◆ Dataset items
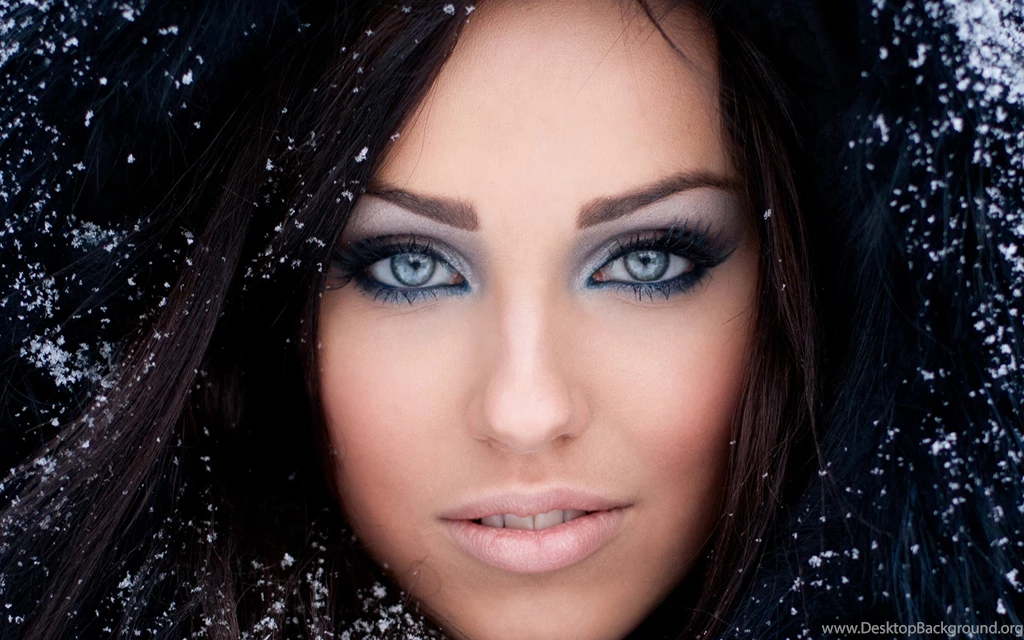 Pretty Woman Face Wallpapers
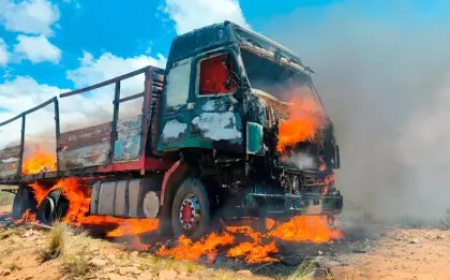 Aduana incinera camión con ropa usada de contrabando tras asedio de comunarios en La Paz.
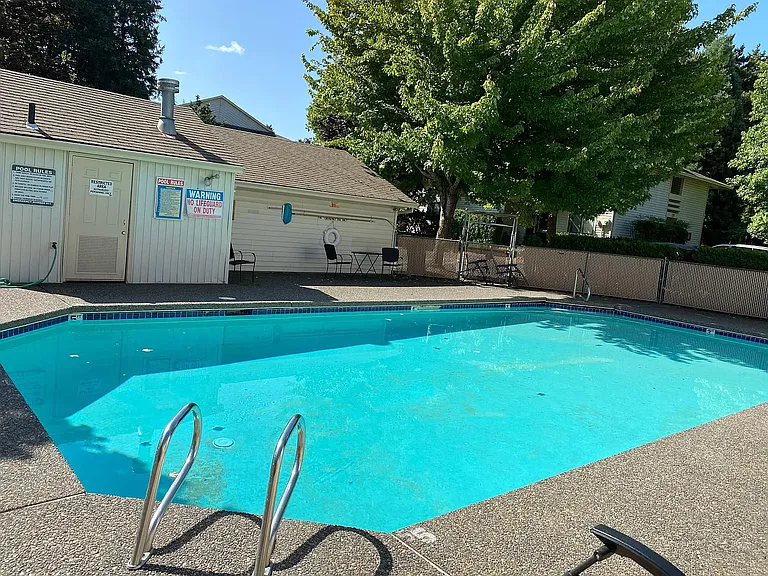 Scholls Crossing Apartments — Photo 14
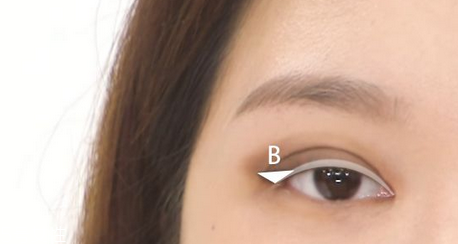 眼線液哪個(gè)牌子好用不暈染？眼角下垂畫眼線圖解 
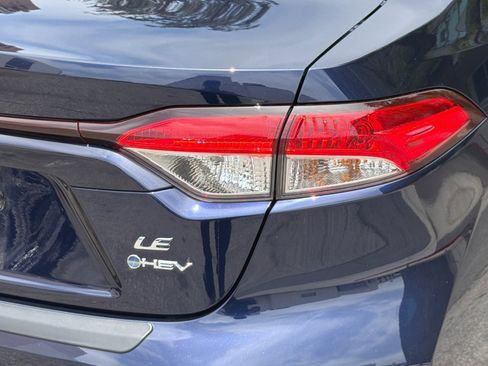 Used 2025 Toyota Corolla LE FWD image 24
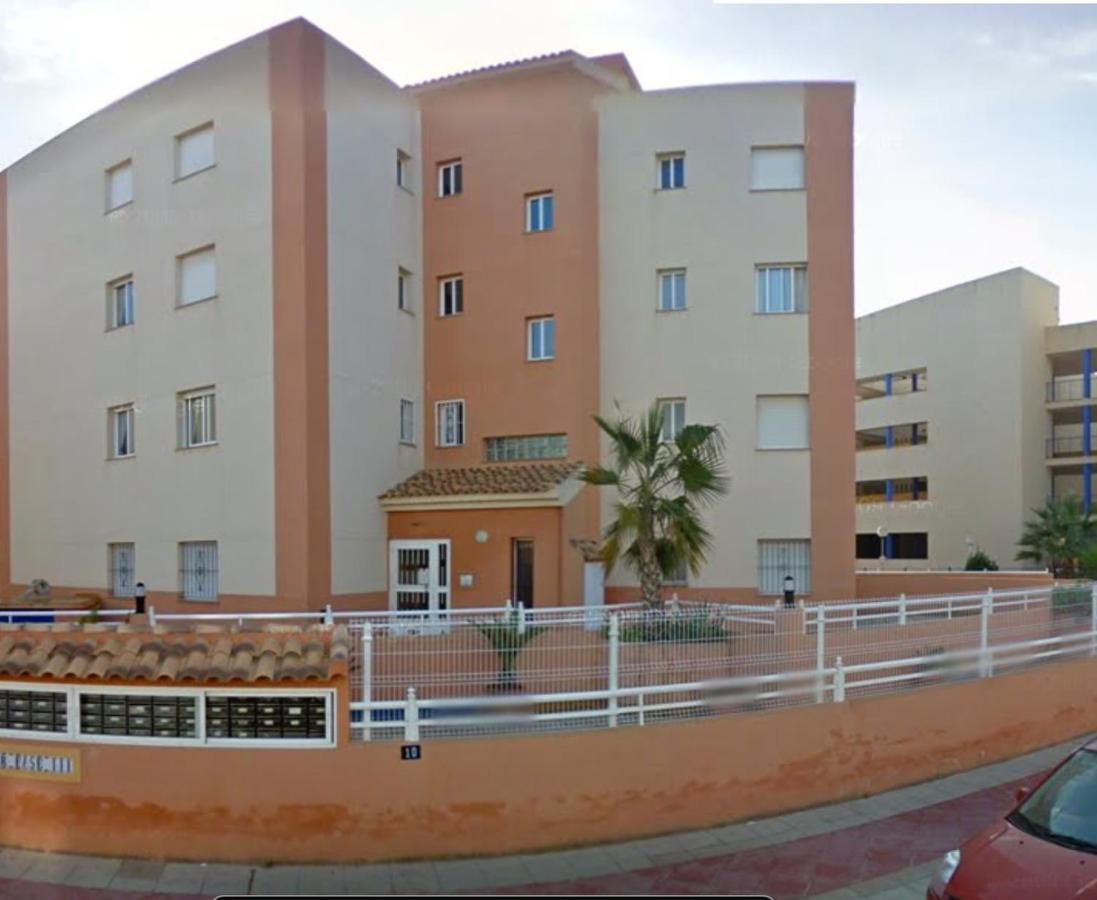 Luxurious 2 Bedroom Apartment Near Cabo Roig Strip Οριουέλα Εξωτερικό φωτογραφία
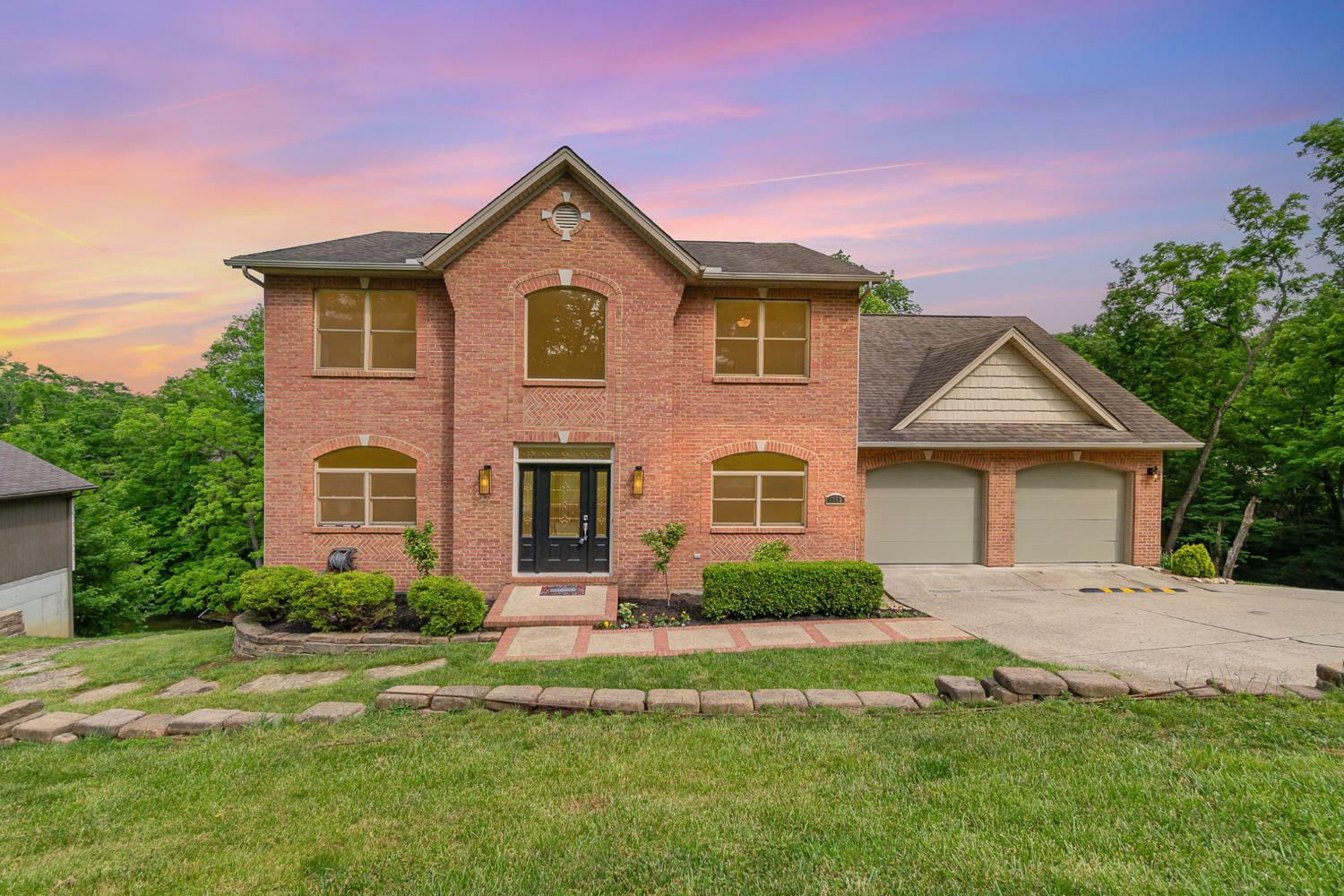 Property Photo: 1753 Cove Circle IN 47025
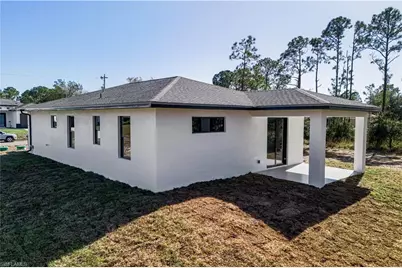 322 Loire Ave S, Lehigh Acres, FL 33974 - Photo 30
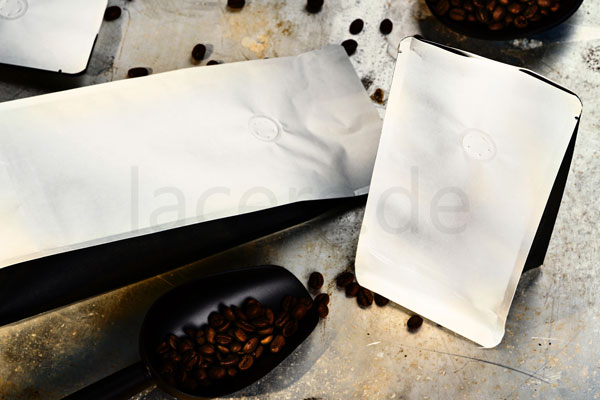Flachbodenbeutel,-Kraftpapier-weiß-schwarz_852450-V-WZ-2.jpg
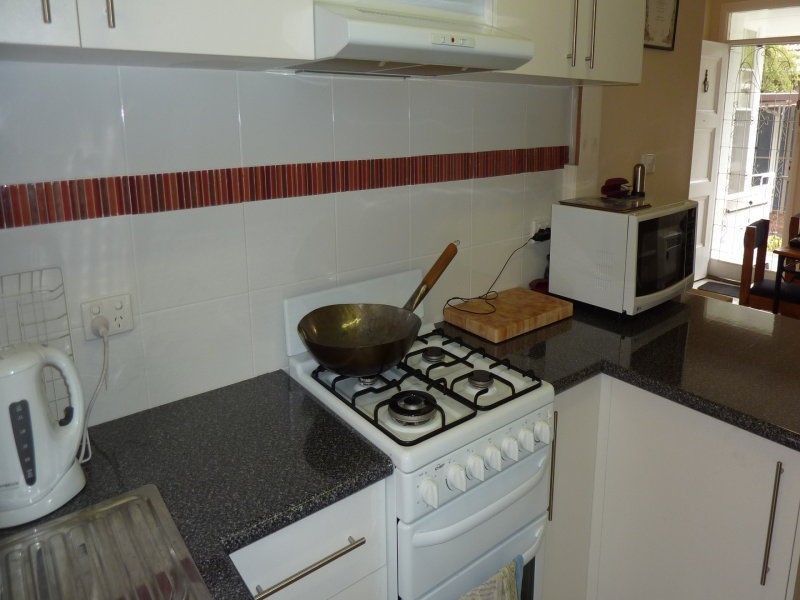 Villa 5/5 Violet Street, Essendon VIC 3040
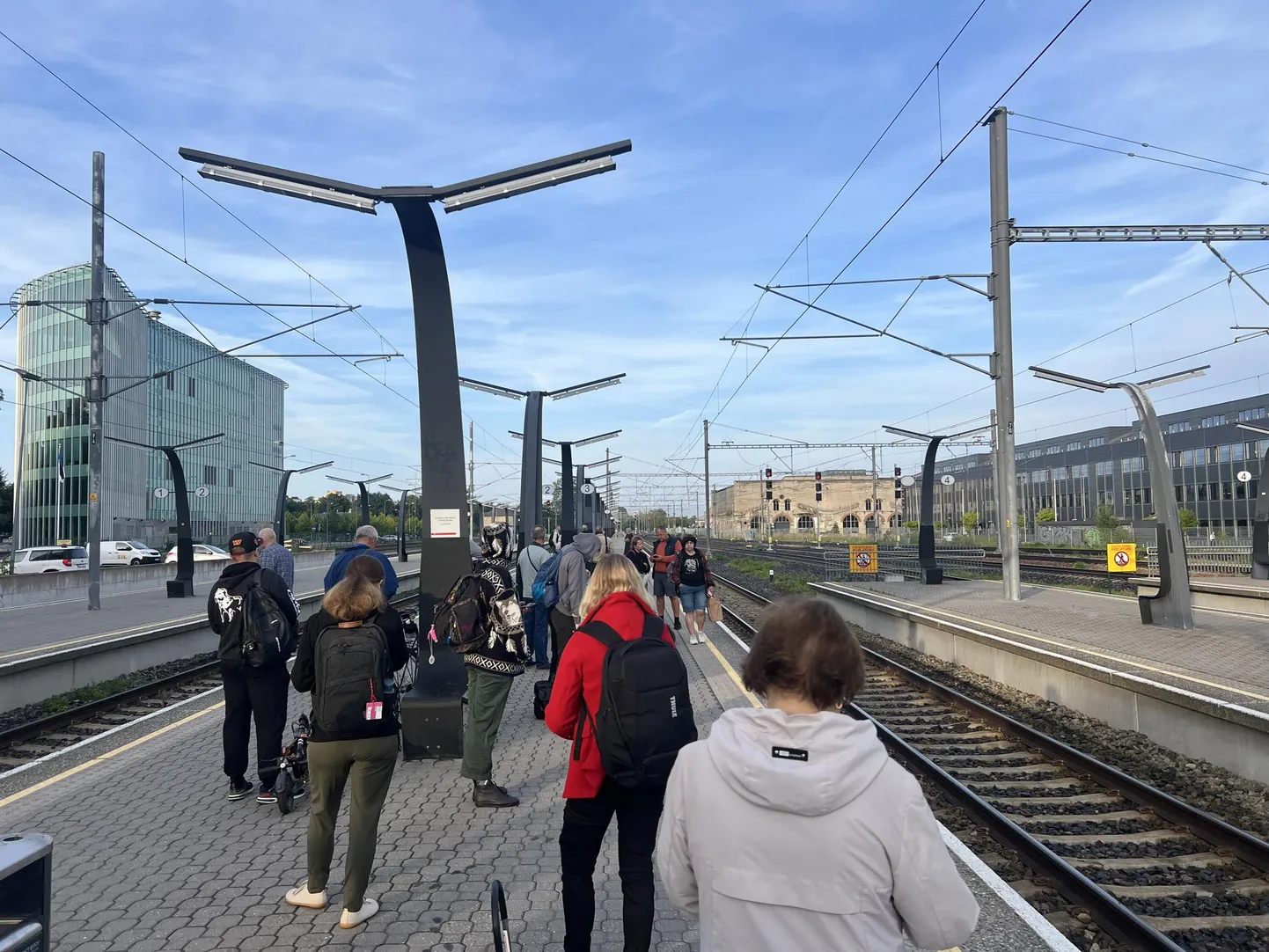 Фото ожидающего электричку пассажира.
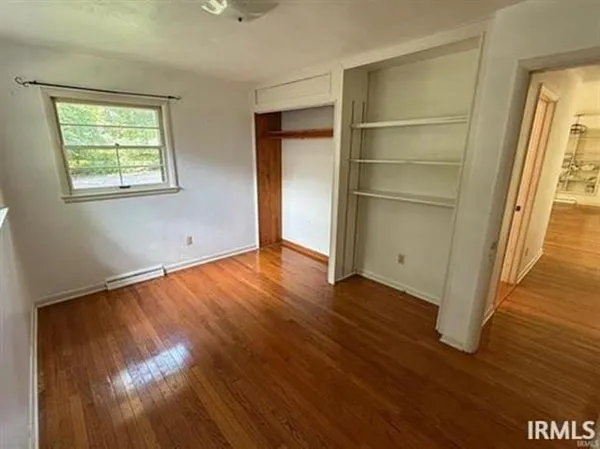 $310,000 | 905 South Eastside Drive, Bloomington, IN 47401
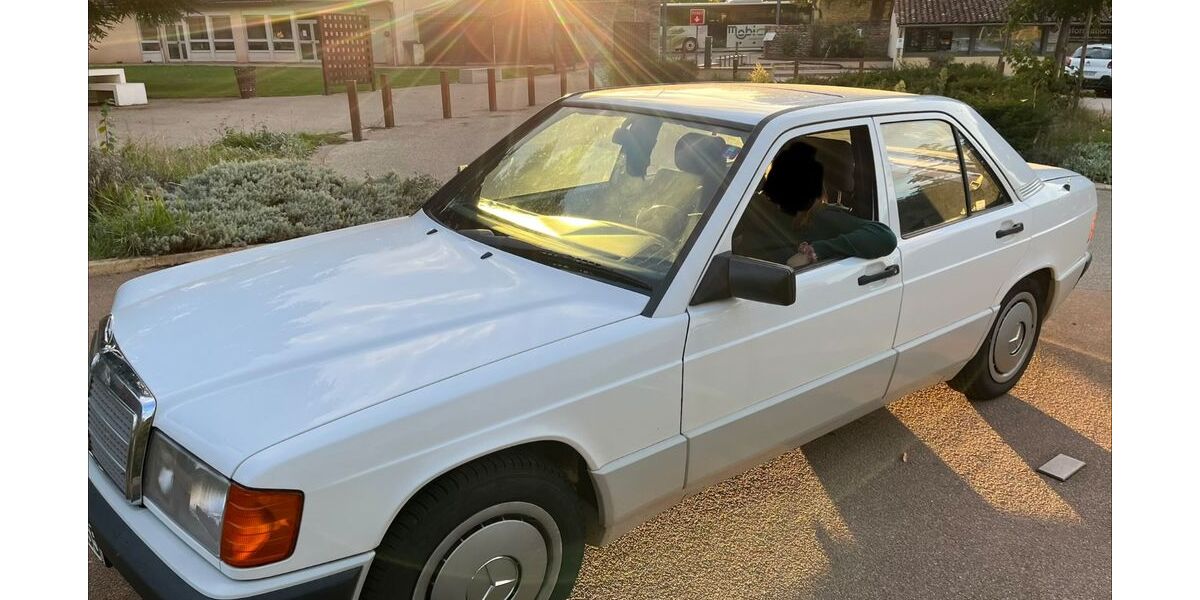 Mercedes-Benz 190 340.000 km 3.900 &euro; Baden-Baden 76534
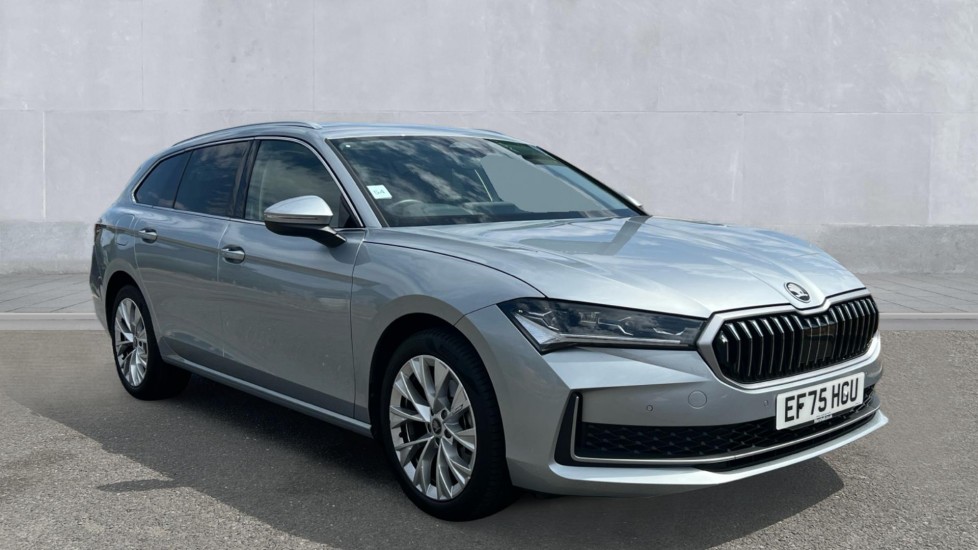 Main listing image - Skoda Superb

◆ EXERCISE PROMPT
The range runs from the line containing "Фото ожидающего электричку пассажира." through the end of the entries; print those lines exactly and leave the pictures out.

◆ PROBLEM SOLUTION
 Фото ожидающего электричку пассажира.
 $310,000 | 905 South Eastside Drive, Bloomington, IN 47401
 Mercedes-Benz 190 340.000 km 3.900 &euro; Baden-Baden 76534
 Main listing image - Skoda Superb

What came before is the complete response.